» Problem to work on
In your copy, leave out the pictures; write out all the data exactly.

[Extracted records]
━━━━
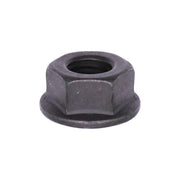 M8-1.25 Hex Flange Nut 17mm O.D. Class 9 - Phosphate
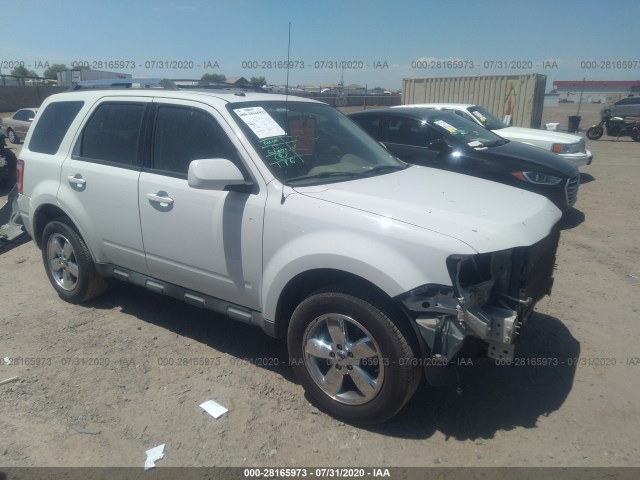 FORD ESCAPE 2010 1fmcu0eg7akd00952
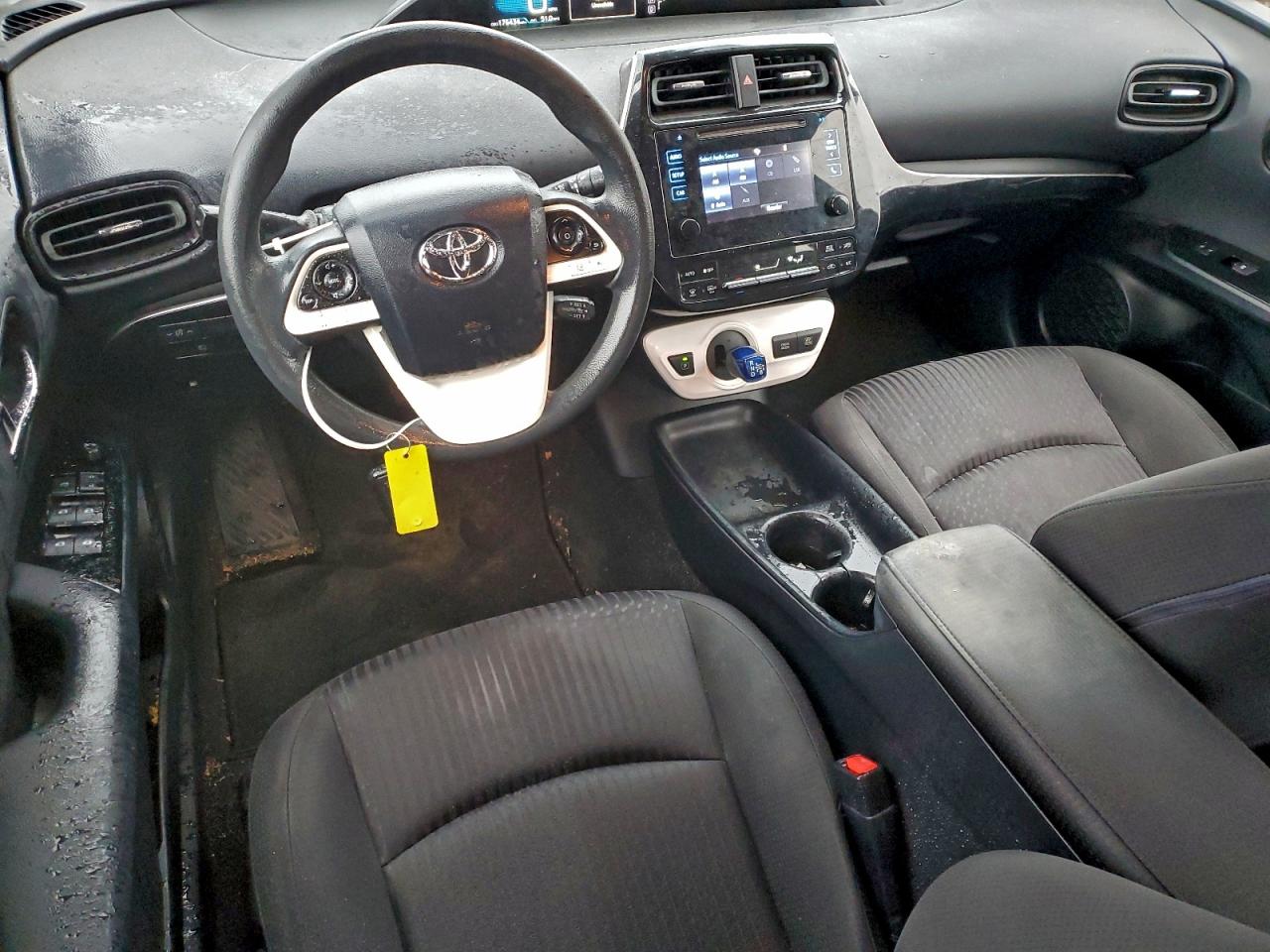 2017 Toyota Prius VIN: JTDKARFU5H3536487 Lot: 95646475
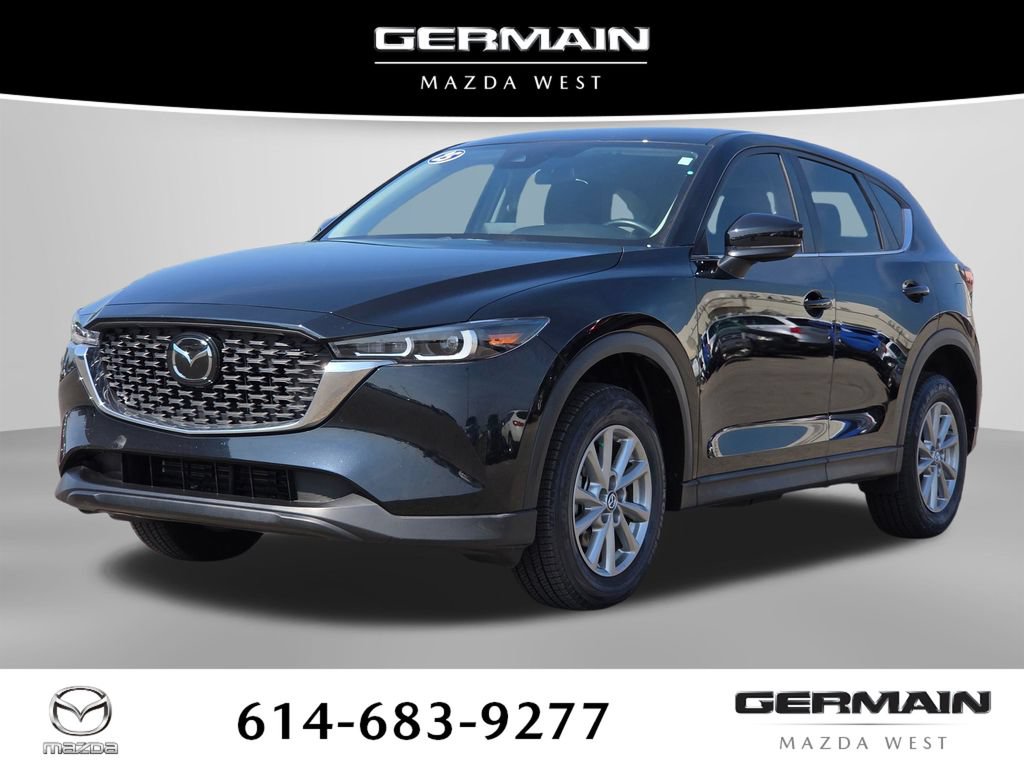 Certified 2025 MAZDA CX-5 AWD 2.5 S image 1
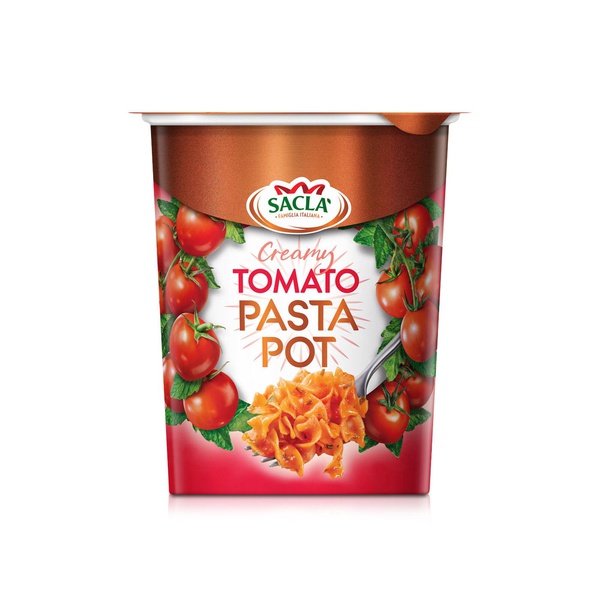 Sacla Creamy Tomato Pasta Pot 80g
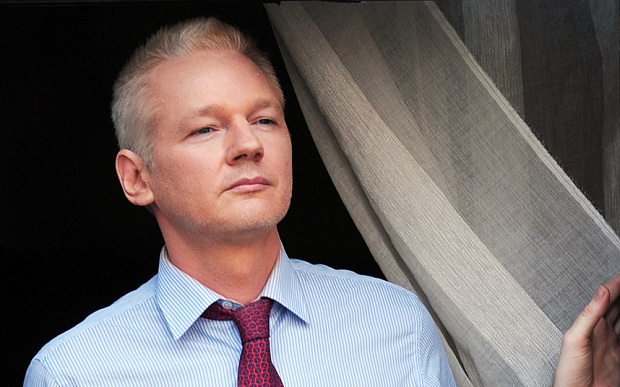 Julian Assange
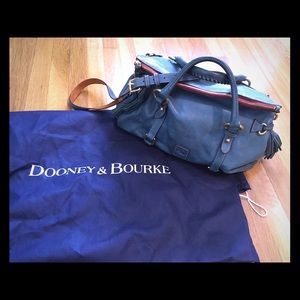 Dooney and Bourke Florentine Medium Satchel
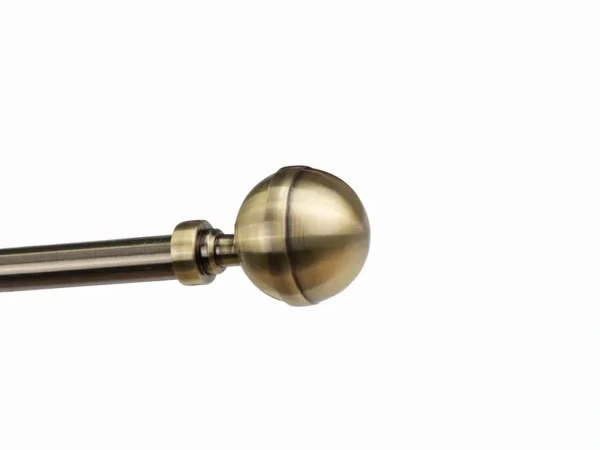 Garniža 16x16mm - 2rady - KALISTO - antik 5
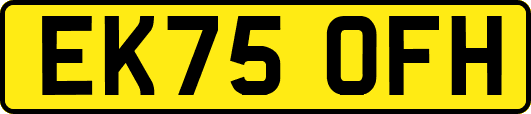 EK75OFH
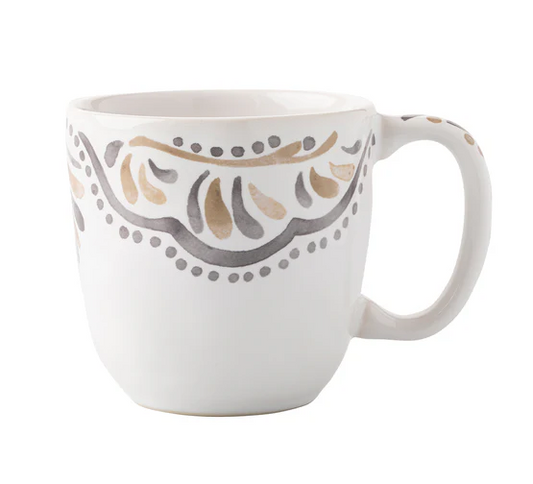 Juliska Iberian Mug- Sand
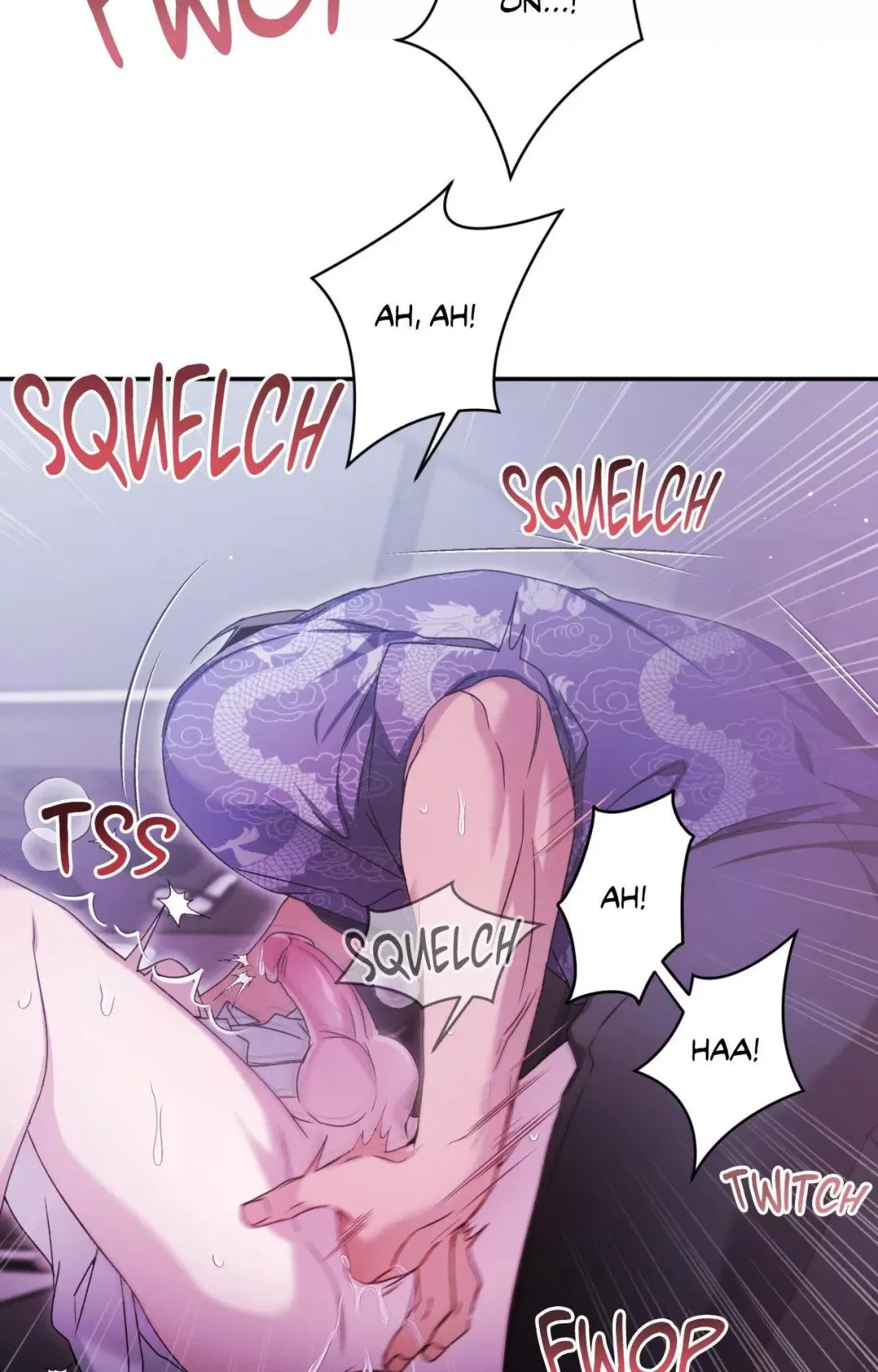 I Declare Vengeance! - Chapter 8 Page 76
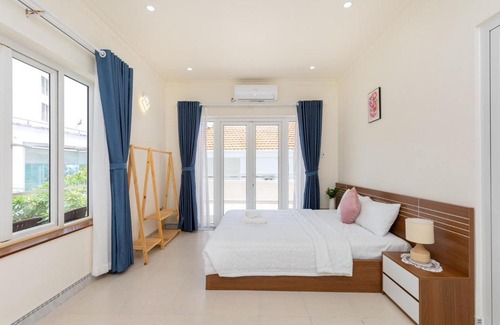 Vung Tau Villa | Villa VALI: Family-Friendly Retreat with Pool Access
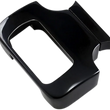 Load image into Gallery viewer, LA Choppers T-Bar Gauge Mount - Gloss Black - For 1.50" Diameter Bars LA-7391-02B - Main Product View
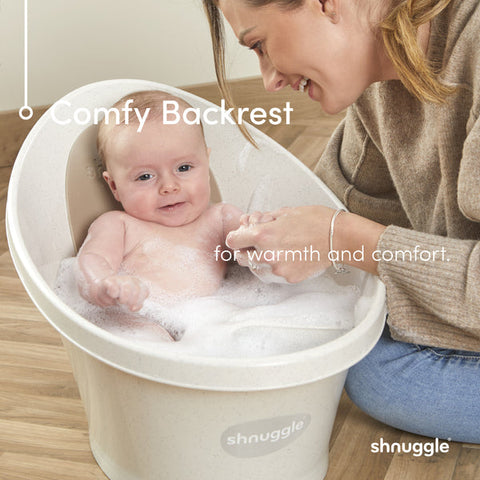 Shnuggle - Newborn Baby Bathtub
━━━━
» Exercise result
 M8-1.25 Hex Flange Nut 17mm O.D. Class 9 - Phosphate
 FORD ESCAPE 2010 1fmcu0eg7akd00952
 2017 Toyota Prius VIN: JTDKARFU5H3536487 Lot: 95646475
 Certified 2025 MAZDA CX-5 AWD 2.5 S image 1
 Sacla Creamy Tomato Pasta Pot 80g
 Julian Assange
 Dooney and Bourke Florentine Medium Satchel
 Garniža 16x16mm - 2rady - KALISTO - antik 5
 EK75OFH
 Juliska Iberian Mug- Sand
 I Declare Vengeance! - Chapter 8 Page 76
 Vung Tau Villa | Villa VALI: Family-Friendly Retreat with Pool Access
 Load image into Gallery viewer, LA Choppers T-Bar Gauge Mount - Gloss Black - For 1.50" Diameter Bars LA-7391-02B - Main Product View
 Shnuggle - Newborn Baby Bathtub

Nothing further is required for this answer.